As the aid work gets underway, evacuation of foreign citizens in the badly affected regions in Japan is also going on smoothly.
Gong Xiaodong, an official with the Chinese General Consulate in Niigata, told Xinhua on Wednesday that more than 3,000 Chinese nationals have been evacuated to Niigata from the three worst hit prefectures of Miyagi, Fukushima and Iwate.
Gong said that the consulate has provided shelter and food to the Chinese and will also help them return home if they wish to.
In the mean time, Chinese airlines are putting on additional flights to Japan to evacuate citizens from the areas worst hit by last week's earthquake and tsunami and those affected by nuclear leakages.
China Eastern Airlines will send an additional Airbus 340-300 to Niigata on Wednesday, where about 1,500 Chinese nationals are waiting to return to China. China Southern Airlines said it has added four flights and is expected to carry 4,491 Chinese back from Japan.
China's flagship carrier Air China has said Tuesday that it currently operates 30 flights daily, with more than 7,000 seats, between China and Japan.
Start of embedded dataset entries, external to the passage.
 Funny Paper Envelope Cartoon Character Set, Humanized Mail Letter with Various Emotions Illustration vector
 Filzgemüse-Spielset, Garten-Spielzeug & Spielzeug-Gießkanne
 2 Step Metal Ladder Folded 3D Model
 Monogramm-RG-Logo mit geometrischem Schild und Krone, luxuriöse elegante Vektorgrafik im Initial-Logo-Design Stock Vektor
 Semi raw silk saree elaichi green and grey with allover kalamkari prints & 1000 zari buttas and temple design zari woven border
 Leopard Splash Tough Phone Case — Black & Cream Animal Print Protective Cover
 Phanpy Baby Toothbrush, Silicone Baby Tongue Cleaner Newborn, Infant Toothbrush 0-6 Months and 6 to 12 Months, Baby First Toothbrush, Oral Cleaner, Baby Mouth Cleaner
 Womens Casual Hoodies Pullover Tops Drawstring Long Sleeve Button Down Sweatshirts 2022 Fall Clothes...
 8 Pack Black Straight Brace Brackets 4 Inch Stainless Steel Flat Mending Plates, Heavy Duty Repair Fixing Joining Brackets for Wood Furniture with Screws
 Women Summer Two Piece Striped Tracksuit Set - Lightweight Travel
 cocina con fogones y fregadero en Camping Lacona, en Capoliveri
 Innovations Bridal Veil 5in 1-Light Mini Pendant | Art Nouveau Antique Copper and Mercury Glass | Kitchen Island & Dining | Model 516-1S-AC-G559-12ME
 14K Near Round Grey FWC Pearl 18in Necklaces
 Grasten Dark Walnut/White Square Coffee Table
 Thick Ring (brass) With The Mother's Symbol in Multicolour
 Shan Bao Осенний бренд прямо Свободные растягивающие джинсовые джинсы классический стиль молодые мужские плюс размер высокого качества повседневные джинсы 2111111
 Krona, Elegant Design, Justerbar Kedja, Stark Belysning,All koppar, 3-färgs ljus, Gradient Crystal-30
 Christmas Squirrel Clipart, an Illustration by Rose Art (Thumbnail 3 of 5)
The Vietnam News Agency said that the Vietnamese Embassy in Japan evacuated 41 Vietnamese citizens and a German from Sendai city in Miyagi prefecture to Tokyo on Wednesday, adding that all the 42 people were given shelter at a pagoda in the capital city.
Another team, which went to Morioka city in Iwate prefecture, was expected to return to Tokyo late Wednesday with 23 evacuees, mostly students and trainees.
A third mission picked up 18 Vietnamese people in Fukushima prefecture and is making efforts to contact other Vietnamese students and trainees there, the report said.
Meanwhile, Sri Lanka on Wednesday also decided to increase flights between the country and Japan to bring back concerned nationals, as more Sri Lankans have asked to return following the blasts in Japan's Fukushima nuclear power plant. The first of the extra flights was to leave Tokyo's Narita airport on Thursday.
Around 20,000 Sri Lankans are believed to be living in Japan.
Also on Wednesday, Spanish Foreign Minister Trinidad Jimenez said that the government would repatriate the 1,852 Spanish nationals currently living in Japan if needed.
"We are not going to withhold any resources or efforts to ensure that our nationals are safe. We will put all of our resources that are necessary at their disposition," Jimenez said from Aman, where she is currently on a short tour of the Middle East.
Meanwhile, Ukraine also said Wednesday that it will send a plane to evacuate its citizens from quake-hit Japan.